### Work item
In the listing that follows, give every line again exactly and omit the pictures.

### Data section
◆ ◆ ◆ ◆ ◆

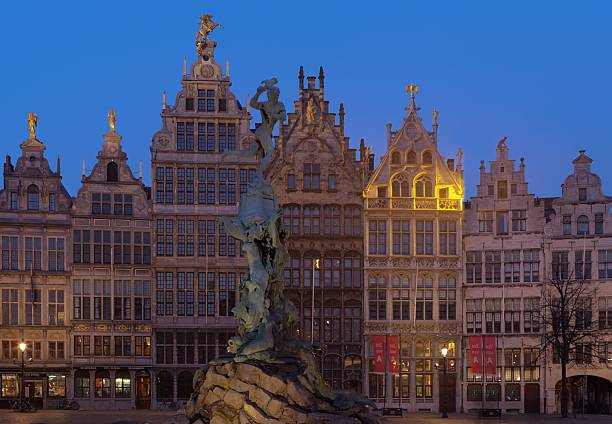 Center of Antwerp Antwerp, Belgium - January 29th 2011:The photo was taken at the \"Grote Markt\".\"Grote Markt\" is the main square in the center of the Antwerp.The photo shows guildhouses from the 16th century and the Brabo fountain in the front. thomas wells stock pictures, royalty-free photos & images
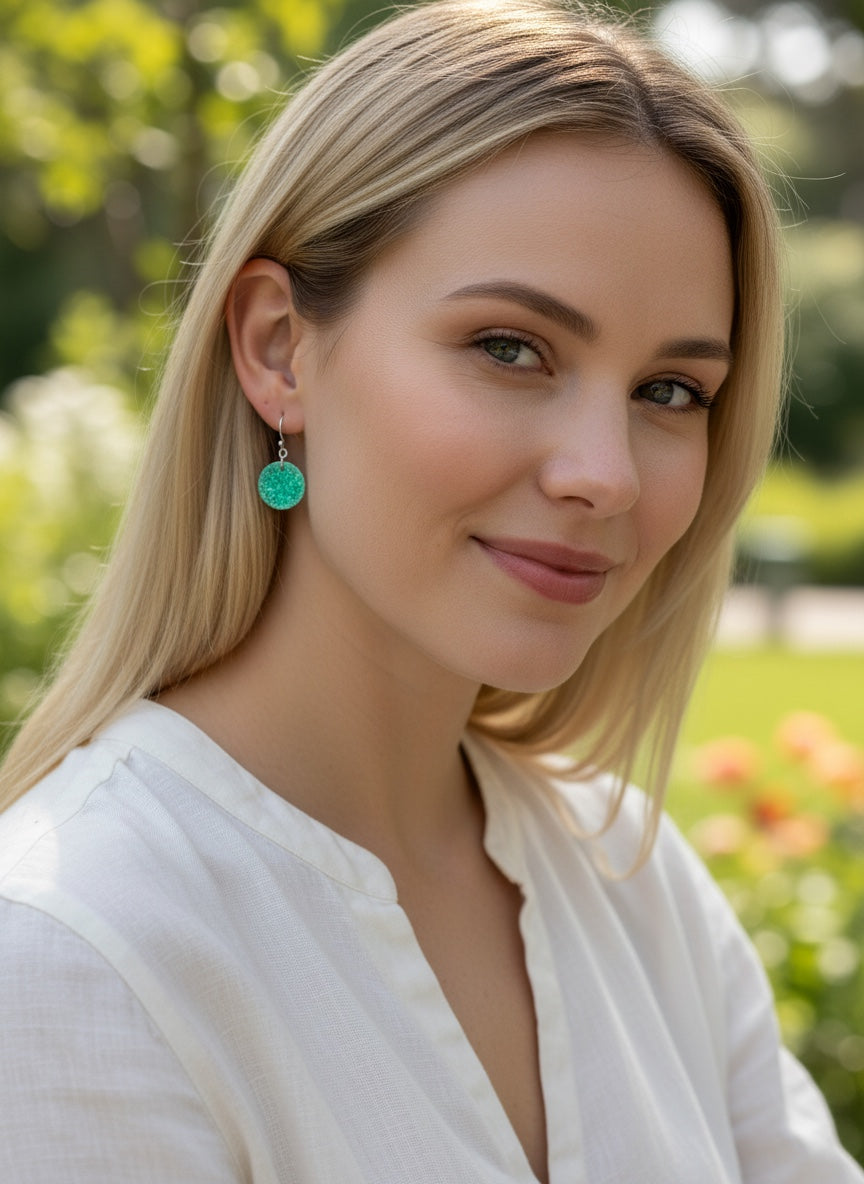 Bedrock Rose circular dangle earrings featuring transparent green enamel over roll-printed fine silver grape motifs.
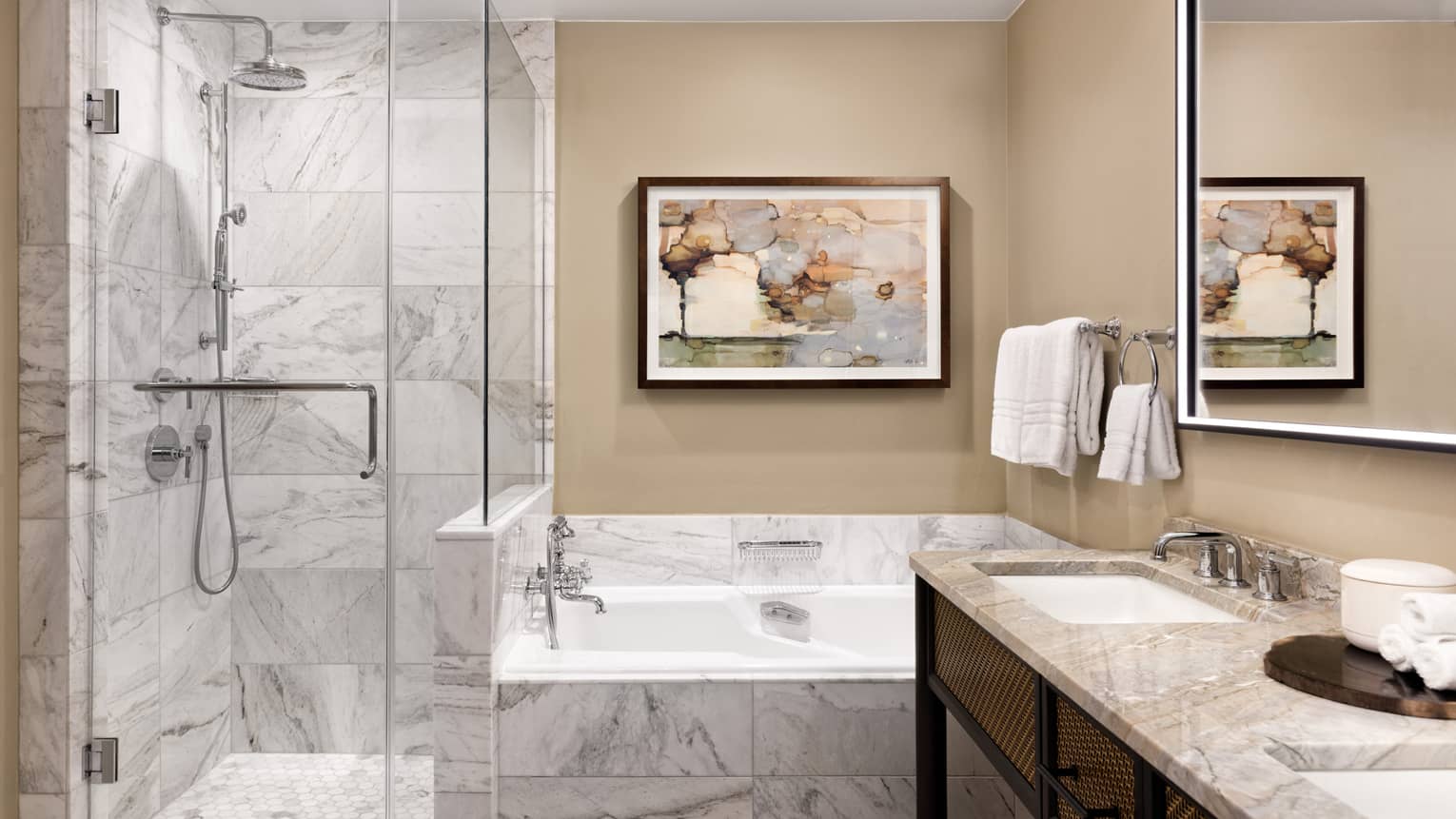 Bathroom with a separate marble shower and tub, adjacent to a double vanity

◆ ◆ ◆ ◆ ◆

### Final answer
 Center of Antwerp Antwerp, Belgium - January 29th 2011:The photo was taken at the \"Grote Markt\".\"Grote Markt\" is the main square in the center of the Antwerp.The photo shows guildhouses from the 16th century and the Brabo fountain in the front. thomas wells stock pictures, royalty-free photos & images
 Bedrock Rose circular dangle earrings featuring transparent green enamel over roll-printed fine silver grape motifs.
 Bathroom with a separate marble shower and tub, adjacent to a double vanity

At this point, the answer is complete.